Nonprofits are having a hard time getting that second gift, according to the Association of Fundraising Professionals, “with recaptured donor retention falling almost 20% [in 2023] from an already low level.” You may be seeing that in your own database. You spend so much time and care crafting the fundraising appeal, and you get a donation from a person or household for the first time–and then, they ghost you. Why?
Okay, sometimes it has nothing to do with you. The donor lost their job and they have no money available for philanthropy. Most of the time, however, it’s because they didn’t feel their first gift was seen, or valued, or appreciated. You made your organization the hero of the story and left them out.
Here’s what you can do instead:
- Write the ideal thank-you letter.
- Put it in the mail using the name they want to be called by, with a live stamp.
- Tell a story to show impact.
- Have the letter signed in ink, by an important person at your organization: the Executive Director, a Board member, or a person the donor actually knows.
- Make it personal, not just personalized.

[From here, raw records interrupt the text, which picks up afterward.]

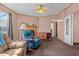 Spacious living room with fireplace and lots of natural light at 754 Firestone Ln, Sanford, NC 27330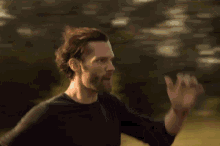 a man with a beard is running in a field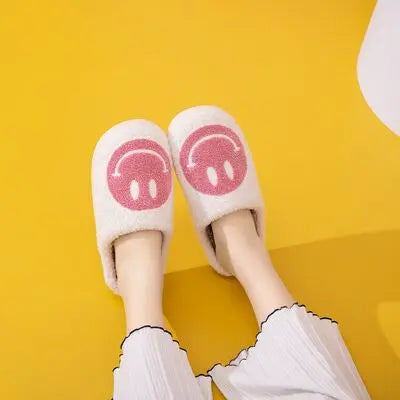 Melody Smiley Face Slippers Introducing the adorable Smiley Face Cozy Slippers! These cozy and plush slippers are designed to bring a smile to your face every time you put them on. With their soft and warm material, you'll feel like you're walking on clou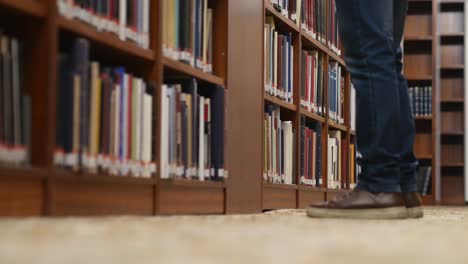 Low-angle-shot-of-a-person's-legs-walking-as-they-stop-to-look-for-a-book-in-the-library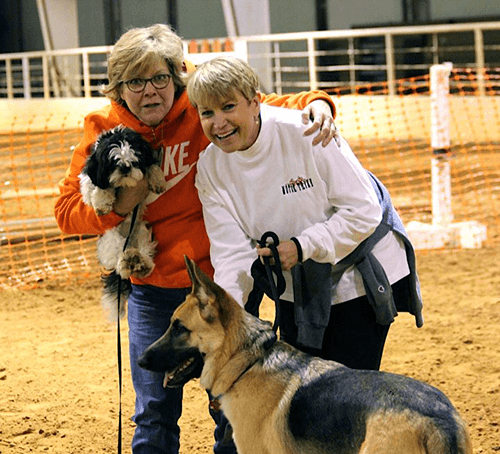 Dog Classs two happy dog owners at a dog training course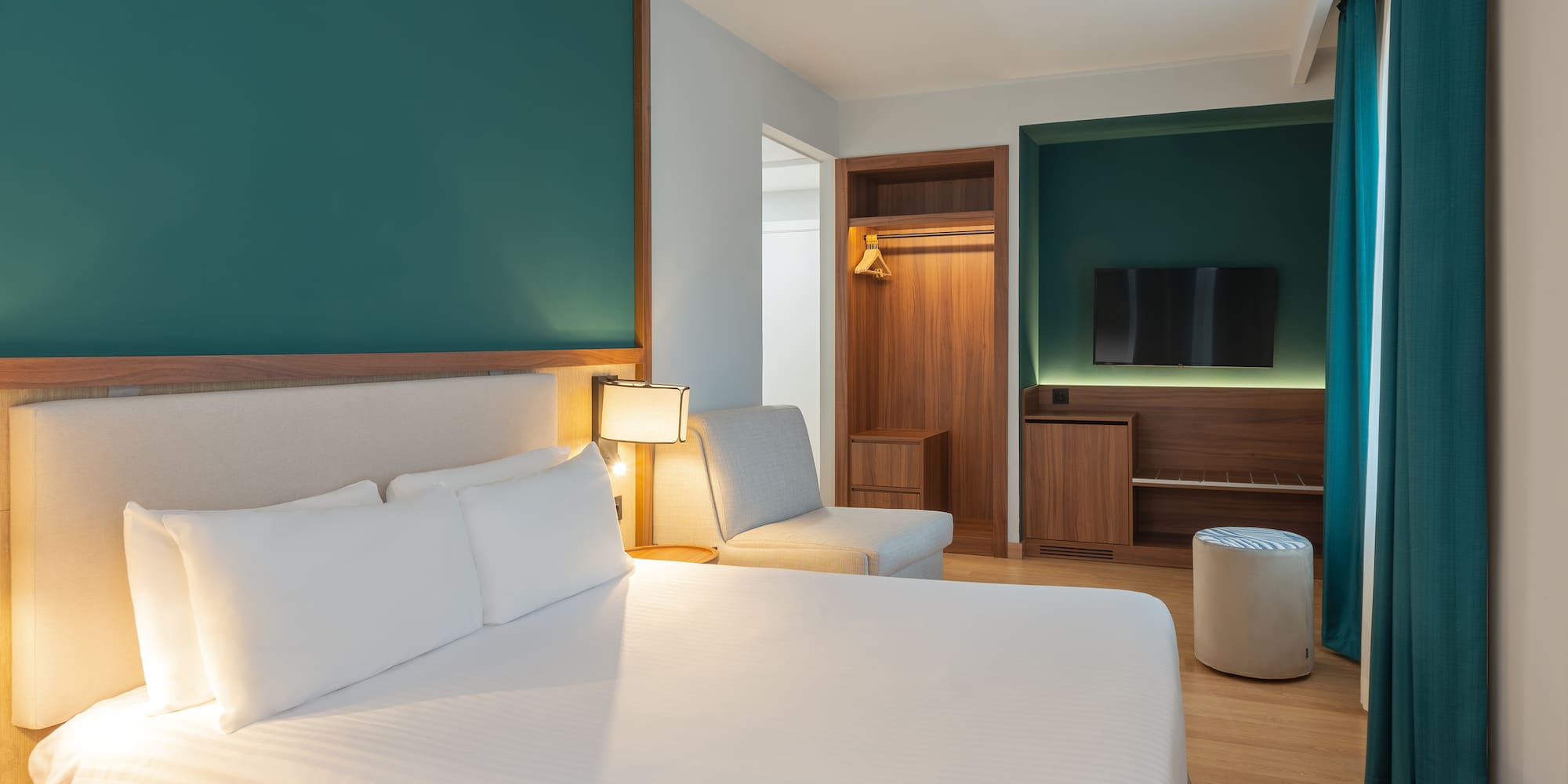 a room with a bed and a tv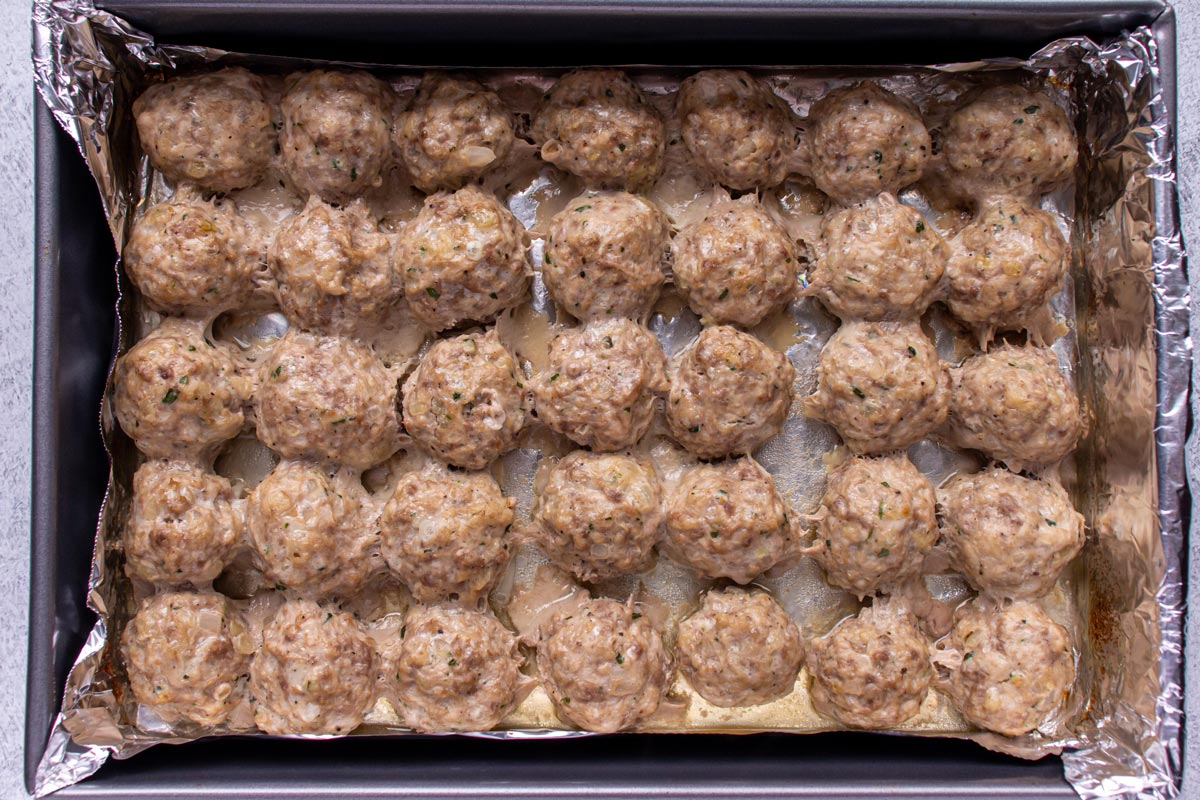 Meatballs baked in a foil-lined rectangular pan.
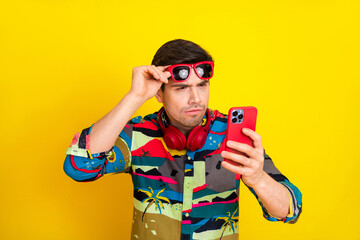 Young man with colorful shirt and red accessories looks at his phone against a bright yellow background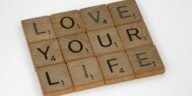 Scrabble tiles arranged to spell 'Love Your Life' against a white background, conveying a positive message.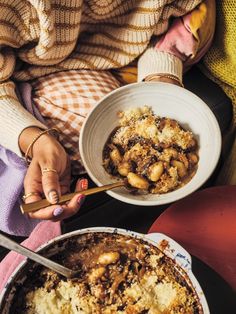 two people holding bowls of food on top of a table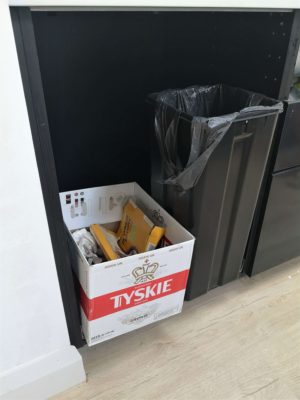 A black kitchen base cabinet without a door yet. A cardboard box is in there being used as a bin.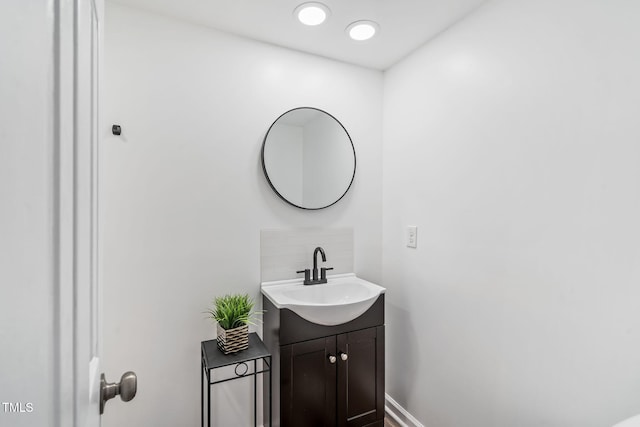 bathroom featuring baseboards, tasteful backsplash, and vanity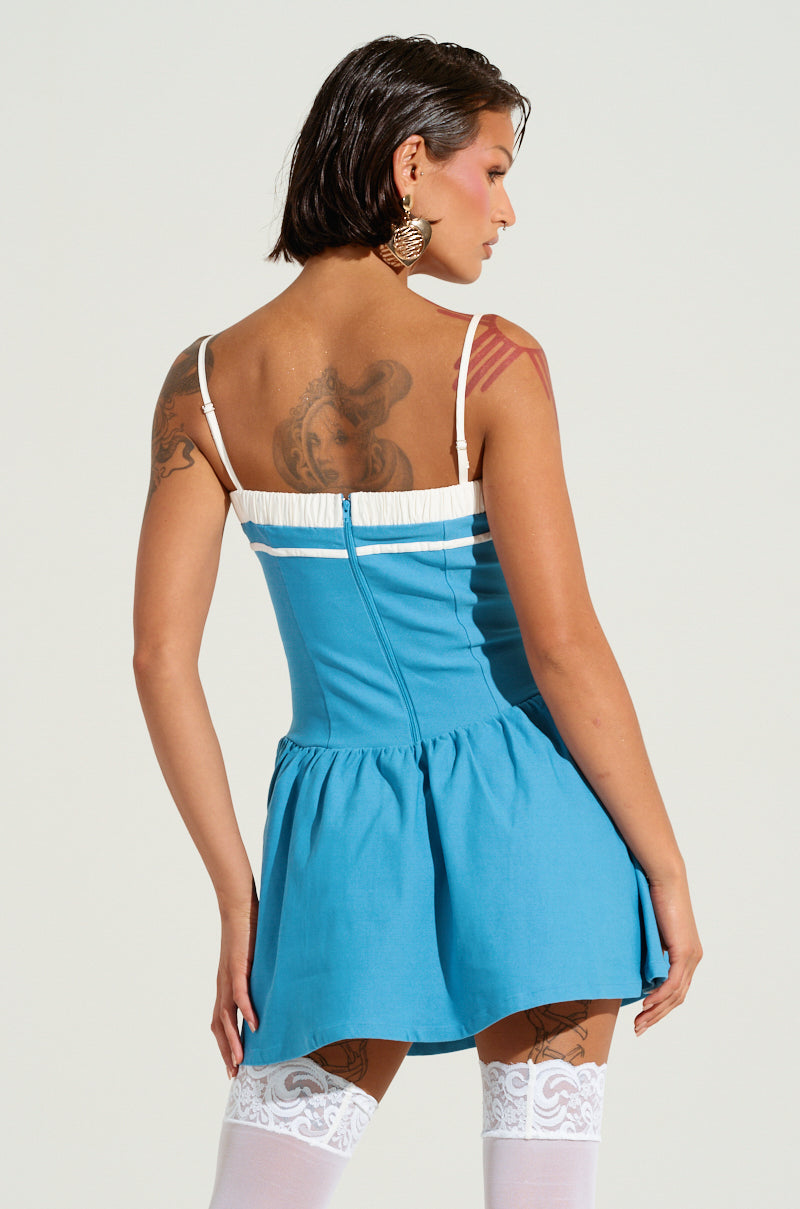 A person with tattooed arms and shoulder-length dark hair stands facing away, wearing the TOO SWEET POPLIN MINI DRESS, which features a blue fabric with white straps and a ruffled skirt. The dress has a corset-inspired bodice and is complemented by their white lace thigh-high stockings.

Will all that take time? Yes! Rona watched several episodes of her favorite police procedural while she was writing her cards. You can do something similar, if you like. Listen to music, or a podcast, if you don’t want to keep glancing up at the screen.
Will it be worth it? Yes! When you see the first-time giver become a loyal donor, with a lifetime value far higher than any one-time gift, you will be saying thank you to yourself that you took the time to thank them.